How do we understand faith and prayer, and what of miracles? August 1925 on a Danish farm. Widowed Patriarch Borgen, who’s rather prominent in his community, has three sons: Mikkel, a good-hearted agnostic whose wife Inger is pregnant, Johannes, who believes he is Jesus, and Anders, young, slight, in love with the tailor’s daughter. The fundamentalist sect of the girl’s father is anathema to Borgen’s traditional Lutheranism; he opposes the marriage until the tailor forbids it, then Borgen’s pride demands that it happen. Unexpectedly, Inger, who is the family’s sweetness and light, has problems with her pregnancy. The rational doctor arrives, and a long night brings sharp focus to at least four views of faith.
User Reviews: Others have reviewed this picture in a more scholarly and contextual manner than I can, so I will only endeavor to add the following:
I have a particular interest in the nature of faith, and undertook to view Ordet as something "good for me," but probably arduous. Wrong! I also grew up in an area heavily populated by Scandinavians, and knew immigrants who were contemporaries of the oldest characters in the picture.
Ordet, set in 1925, is a dead-on take of old-school Scandinavian culture, suffused with both the most intense dramatic elements imaginable and moments of comic relief as well. The action moves right along without help of special effects or a distracting musical score.

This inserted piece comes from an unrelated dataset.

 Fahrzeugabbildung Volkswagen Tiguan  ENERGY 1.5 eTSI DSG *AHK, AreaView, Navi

This picture at least alludes to the seldom-asked question, "Why do people believe?" Is it merely for the rewards of faithfulness, or something more?
The final scene, utterly devoid of effects or music, has a dramatic power unexcelled in the ensuing 47 years of cinema to date. It is very long, but uses its duration in service of the tension of the story. Nobody is yelling, fighting or firing weapons, despite the fact they are enduring emotional torment that is as painful as it gets.

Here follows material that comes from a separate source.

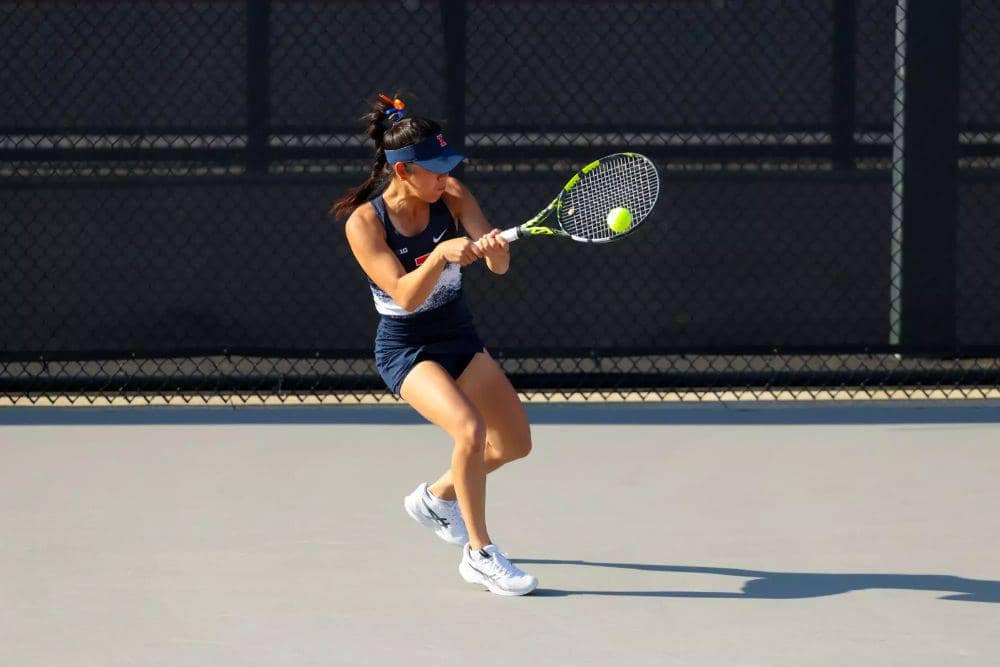 Cara Mencegah Cedera Saat Bermain Tenis, Cocok untuk Kamu yang Pemula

In an oblique way, the scene reminded me of the part of Jim Jarmusch’s "Down By Law" where Tom Waits and Co. are sitting in the clink in real time, and time passes glacially in one very long scene, illustrating the sheer boredom of incarcerated life. Here real time is used to illustrate the unrelenting nature of grief. In both cases we see what happens long after the scene would have changed in nearly any other picture. The pace conforms plausibly with real life, and in so doing serves the dramatic tension.
One negative review alludes to the final shot and the expression in a character’s eyes. I would defend that as an insight that no blessing is unmixed.
As others have noted, one needn’t hold a Christian point of view to enjoy this film and be given much to ponder. See it.